[Python-bugs-list] [ python-Bugs-734170 ] PyArg_ParseTuple("u") inconstency

SourceForge.net noreply@sourceforge.net
Thu, 08 May 2003 08:28:12 -0700


Bugs item #734170, was opened at 2003-05-07 22:02
Message generated for change (Comment added) made by ronaldoussoren
You can respond by visiting: 
https://sourceforge.net/tracker/?func=detail&atid=105470&aid=734170&group_id=5470

Category: Unicode
Group: Python 2.3
Status: Closed
Resolution: Wont Fix
Priority: 5
Submitted By: Ronald Oussoren (ronaldoussoren)
Assigned to: M.-A. Lemburg (lemburg)
Summary: PyArg_ParseTuple("u") inconstency

Initial Comment:
PyArg_ParseTuple behaves strangly with the format
character "u" when a plain string is passed as the
argument. This seems to perform the conversion
value.decoded("utf-16"), which is very surprising and
inconsistent with the behaviour of the python
expression unicode(value) with is equivalent with
value.decode("ascii").

The current behaviour will confuse users that pass
plain strings to extension functions expecting unicode
arguments.

----------------------------------------------------------------------

>Comment By: Ronald Oussoren (ronaldoussoren)
Date: 2003-05-08 17:28

Message:
Logged In: YES 
user_id=580910

The conversion for plain is not mentioned in the the
documentation (section 5.5 of the in-development
documentation at python.org). Based on that documentation
I'd assume that plain strings will either not be accepted or
be converted to unicode objects.

As a user of functions that use the 'u' format specifier I
was very surprised when my plain string argument seemingly
got mangled. Only after close checking I noticed that the
string is interpreted as raw utf-16 data.

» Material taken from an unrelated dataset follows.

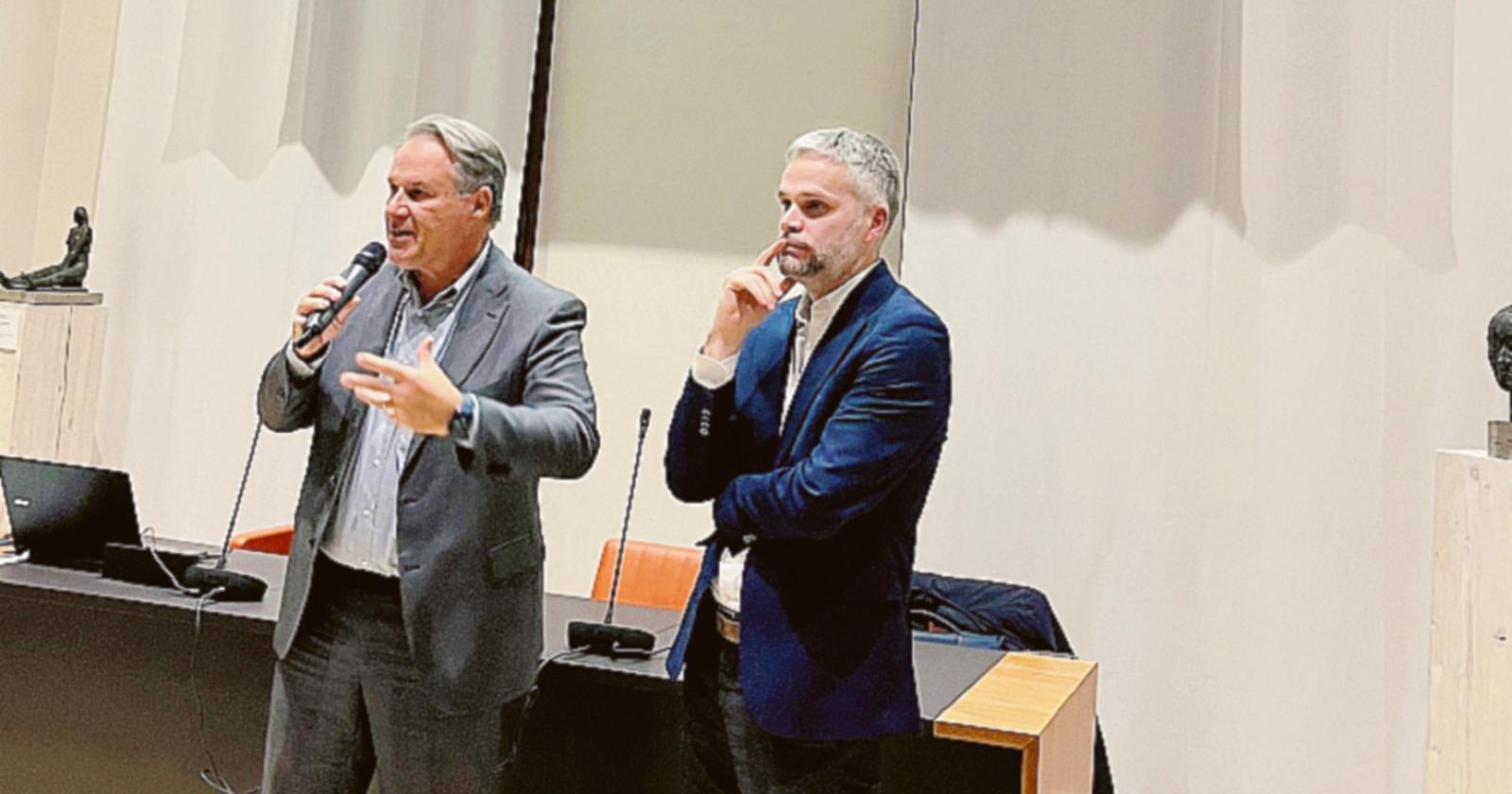 A servizio delle società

----------------------------------------------------------------------

Comment By: M.-A. Lemburg (lemburg)
Date: 2003-05-07 22:37

Message:
Logged In: YES 
user_id=38388

Why is the current beahviour surprising ? The "u" parser
marker reads a buffer like object and interprets it
as Py_UNICODE array. It is very different from
what unicode(value) does. The "es" marker takes
care of unicode(value, encoding) kind of conversions.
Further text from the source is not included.